= Gary Sorenson =

Canadian businessman (born 1943)

Gary Allen Sorenson (born 1943 in Calgary, Alberta) is a Canadian businessman who was arrested at Calgary International Airport on September 29, 2009 for an alleged role in a Ponzi scheme that scammed investors of more than C$300 million, the largest in Canada. On July 28, 2015 Gary Sorenson, 71, and Milowe Brost, 61, were sentenced in a Calgary courtroom to 12 years in prison for their elaborate, multimillion-dollar fraud.

== Biography ==

Gary Sorenson was born in Calgary, Alberta in 1943.

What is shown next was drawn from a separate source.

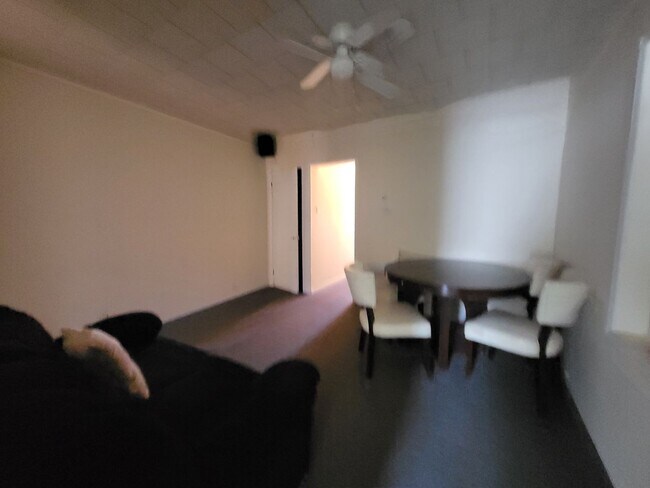 Building Photo - 902 N 5th St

Prior to his arrest, he was believed to be residing in a mansion in Honduras just outside the capital of Tegucigalpa. The Alberta Securities Commission, the regulatory agency responsible for administering the province's securities laws, alerted the RCMP about the Ponzi scheme in 2007.

== Allegations ==
Sorenson, and fellow Canadian Milowe Brost, are both accused of deceiving 3,000 people in Canada, the United States, and overseas out of $100 million, and possibly up to $400 million, between 1999 and 2008. According to the Royal Canadian Mounted Police (RCMP), Sorenson and Brost created a business named Syndicated Gold Depository S.A. and then formed an agreement to lend money to Merendon Mining, promising a high rate of return. Investors were then enticed into offshore shell companies marketed by Brost's firms, Capital Alternatives Inc. and Institute for Financial Learning Group of Companies Inc. In the 1980s Sorenson was allegedly involved with persons carrying out illegal distribution of securities in Calgary, Alberta Canada and in importing illegal drugs from west Africa according to information contained in RCMP and Alberta Securities Commission files.

=== Arrest ===
Sorenson was arrested on September 29, 2009, at the Calgary International Airport in Calgary, Alberta. He was charged with fraud and theft over $5,000. Sorenson was brought before a justice of the peace and was released on bail of $150,000 cash or $300,000 surety, though he had to surrender his Canadian passport to authorities and was required to remain in Alberta to report weekly to the RCMP. If convicted, he could face a sentence of up to 14 years.

=== Trial ===
Sorenson and co-accused Milowe Brost stood trial in Calgary in relation to what police described as one of the largest Ponzi-type schemes in Canadian history. During the proceedings, Sorenson dismissed his legal counsel partway through the trial and chose to represent himself. In February 2015, he delivered his own closing argument to the jury, stating that his defence rested on what he described as “the truth” and arguing that the Crown had not proven its case beyond a reasonable doubt. He pleaded not guilty to charges of fraud and theft. Brost also pleaded not guilty and was represented by legal counsel throughout the trial.

=== Conviction ===

In July 2015 Sorenson received a sentence of 12 years for his role in the scheme. The court said Sorenson and his partner bilked more than 2400 investors from around the world of $200–400 million. "The crimes committed by these two offenders are two of the biggest frauds in Canadian history, Queen's Bench Justice Robert Hall said in a Calgary courtroom. "They were motivated in my mind by greed with no regard to the effect on the many, many investors they defrauded, he added.

After orchestrating the largest Ponzi scheme in Canadian history, Milowe Brost and Gary Sorenson were out of prison after serving just over two years of their 12-year sentences.
Because their nine-year crimes began in 1999, before changes to Canadian legislation, Brost and Sorenson were able to apply for parole after serving one-sixth of their sentences.